STORED DATA
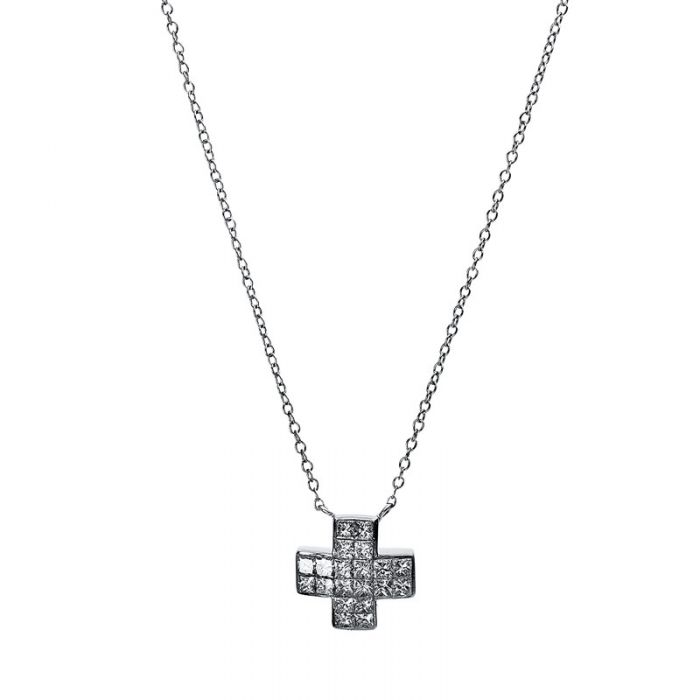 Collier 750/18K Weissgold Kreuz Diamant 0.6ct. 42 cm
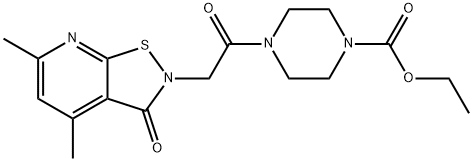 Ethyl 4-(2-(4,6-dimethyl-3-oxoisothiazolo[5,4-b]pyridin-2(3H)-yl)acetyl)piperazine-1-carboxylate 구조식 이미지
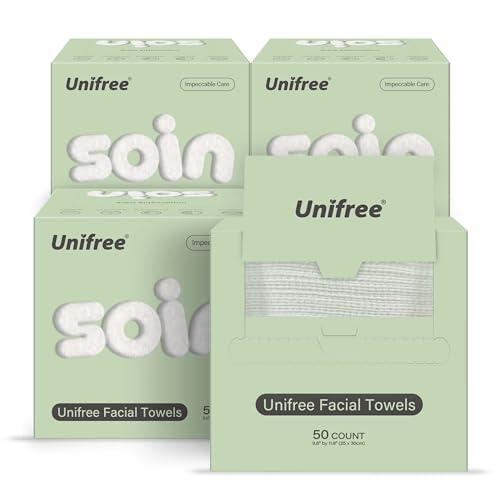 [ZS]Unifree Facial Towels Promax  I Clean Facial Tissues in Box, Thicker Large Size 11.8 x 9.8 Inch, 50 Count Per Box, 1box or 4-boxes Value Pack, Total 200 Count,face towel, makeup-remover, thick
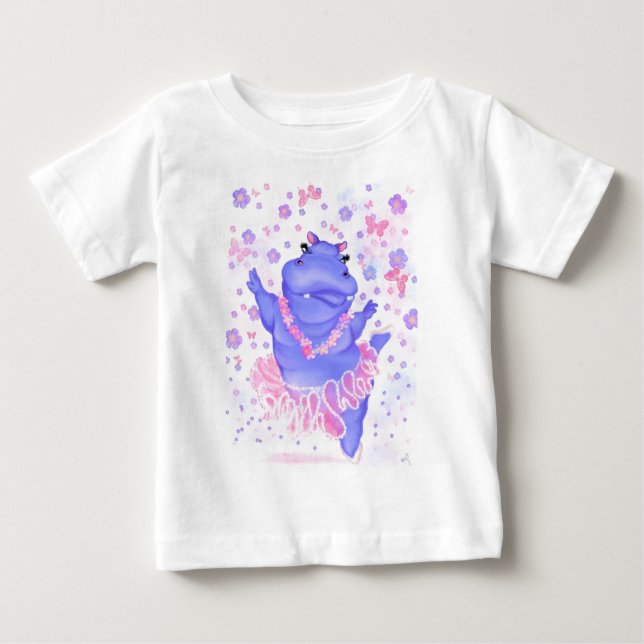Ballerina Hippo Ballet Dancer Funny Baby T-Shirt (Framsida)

REQUIRED ACTION
Give back all of the data exactly, but not the pictures.

YOUR RESPONSE
 Collier 750/18K Weissgold Kreuz Diamant 0.6ct. 42 cm
 Ethyl 4-(2-(4,6-dimethyl-3-oxoisothiazolo[5,4-b]pyridin-2(3H)-yl)acetyl)piperazine-1-carboxylate 구조식 이미지
 [ZS]Unifree Facial Towels Promax  I Clean Facial Tissues in Box, Thicker Large Size 11.8 x 9.8 Inch, 50 Count Per Box, 1box or 4-boxes Value Pack, Total 200 Count,face towel, makeup-remover, thick
Ballerina Hippo Ballet Dancer Funny Baby T-Shirt (Framsida)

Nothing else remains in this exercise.